En el cuadro 1 se presentan las cifras de costos no ajustados correspondientes a varias de estas intervenciones. Si bien no son directamente comparables, las cifras dan una idea de la variedad de costos de implementación de estas intervenciones.  Según estimaciones recientes del What Works Hub for Education, el costo marginal adicional anual para asegurar mejoras en la alfabetización básica, además de los presupuestos existentes, es de alrededor de USD 5 por alumno, si todo se implementa de manera óptima: diseño, capacitación, adquisiciones, etc. La estimación proporciona un desglose útil de los costos previstos, aunque la implementación en el mundo real puede costar mucho más. En los países de ingreso bajo, con un gasto promedio por niño de USD 55, esta inversión representaría un aumento presupuestario cercano al 10 %, lo que a menudo es difícil de conseguir.

Cuadro 1: Costos por alumno del TARL y de los planes de clases estructuradas

Intervención País Muestra Año de implementación inicial Costo en dólares por estudiante por año

Planes de lecciones  estructuradas (3 materias)

 Kenya

 847 escuelas (piloto)

 2013

 USD 8,17

Planes de lecciones  estructuradas (2 materias)

 The Gambia

 2060 estudiantes

 2018

 USD 241,59

Planes de lecciones  estructuradas (1 asignatura)

 Papua Nueva   Guinea

 39 escuelas

 2018

 USD 57

Planes de lecciones  estructuradas (2 materias)

 Kenya

 22,000+ escuelas públicas, 5,000   escuelas privadas, 1,500 escuelas   alternativas

 2021

 USD 4

Enseñanza en el Nivel  Adecuado (2 asignaturas)  (programa Balsakhi)

 India

 122 escuelas

 2007

 USD 4,5

Enseñanza en el Nivel  Adecuado (2 asignaturas)  (aprendizaje asistido por  ordenador)

 India

 55 escuelas

 2007

 USD 15

Enseñanza en el Nivel  Adecuado (2 asignaturas)

 Madagascar

 70 escuelas

 2019

 USD 11

Enseñanza en el Nivel  Adecuado (2 asignaturas)

 Guinea

 10 escuelas

 2022-2023

 USD 87

Nota: Observamos que la comparabilidad de las cifras entre estudios es difícil, ya que los estudios difieren en cuanto a cómo se definen los costos y qué se incluye entre otras variables. No se dispone de datos específicos sobre Níger y Sierra Leona. Invitamos a los miembros de esos programas a que se comuniquen con nosotros para completar y ampliar este cuadro.

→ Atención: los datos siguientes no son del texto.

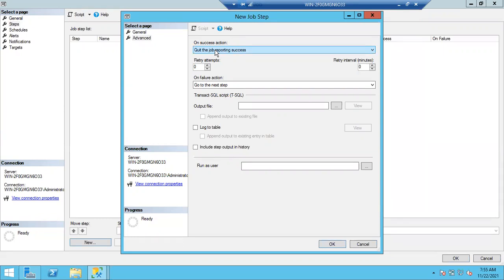If you have many databases on a server, one job in one step can take backup of all the databases — but it's different for instances. Each instance will have its own full backup job. That job cannot take backup of other instances — it will take care of that instance only. If you have 100 instances, there will be 100 full backup jobs, one in each instance.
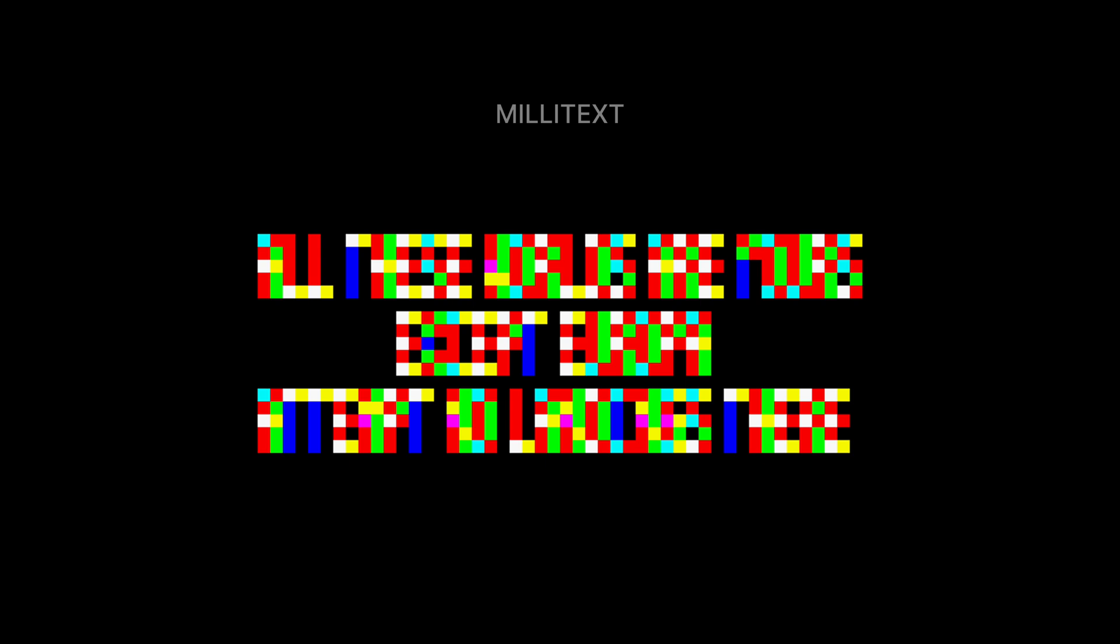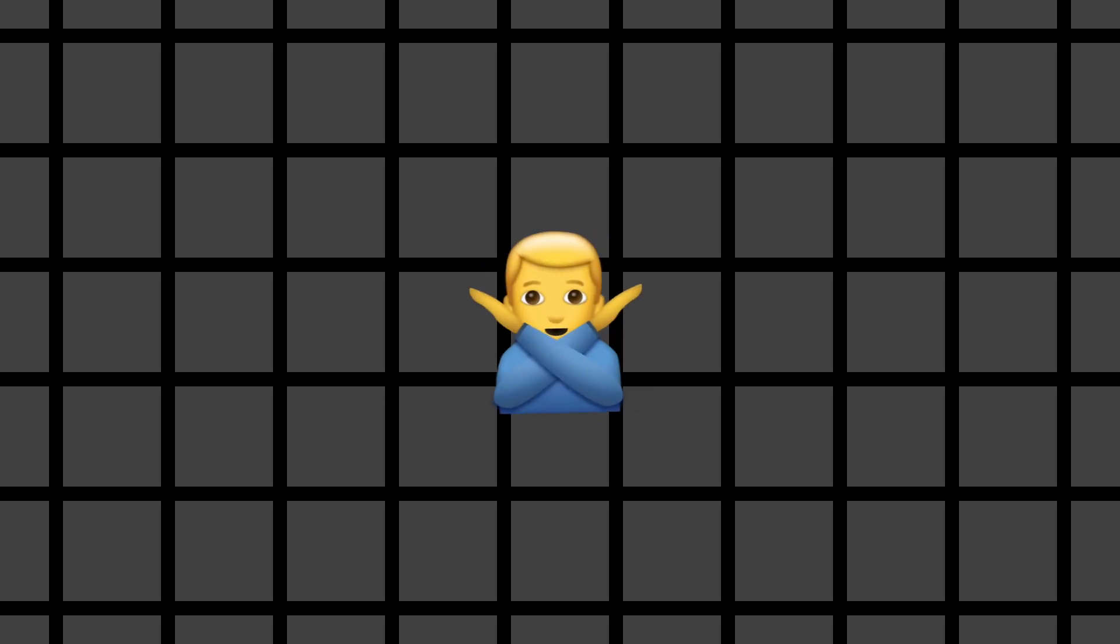In order to figure out how this font works, we first need to understand what pixels are made of. You see, pixels on your display are not actually square. Each pixel is in fact made of three subpixels: red, green and blue.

Estos enfoques de "mejores opciones" pueden elevar el aprendizaje de manera más confiable en lugares como India o Kenya, ya que ellos y otros países de ingreso mediano tiene mayor capacidad de inversión por estudiante, y pueden implementarlos más fácilmente a escala ya cuentan con más capacidad administrativa y docentes mejor equipados en comparación con los países de ingreso bajo. En los países de ingreso bajo, las mismas intervenciones suelen estar financiadas por donantes y gerenciadas por ONGs, y no por el gobierno, lo que a menudo resulta eficaz a corto plazo, pero resulta difícil de mantener una vez que disminuye el apoyo externo. Esto pone de relieve el desafío más amplio: si bien es fundamental mejorar la eficiencia, no hay evidencias de que se puedan lograr resultados sólidos en el aprendizaje con el nivel actual de financiamiento promedio en los países de ingreso bajo.

Una visión prospectiva para financiar el aprendizaje en los países de ingreso bajo

Aumentar el gasto educativo y mejorar los aprendizajes en los países de ingreso bajo es difícil, pero no imposible. El enfoque más prometedor consiste en fortalecer las finanzas públicas nacionales, en particular aumentando los ingresos públicos.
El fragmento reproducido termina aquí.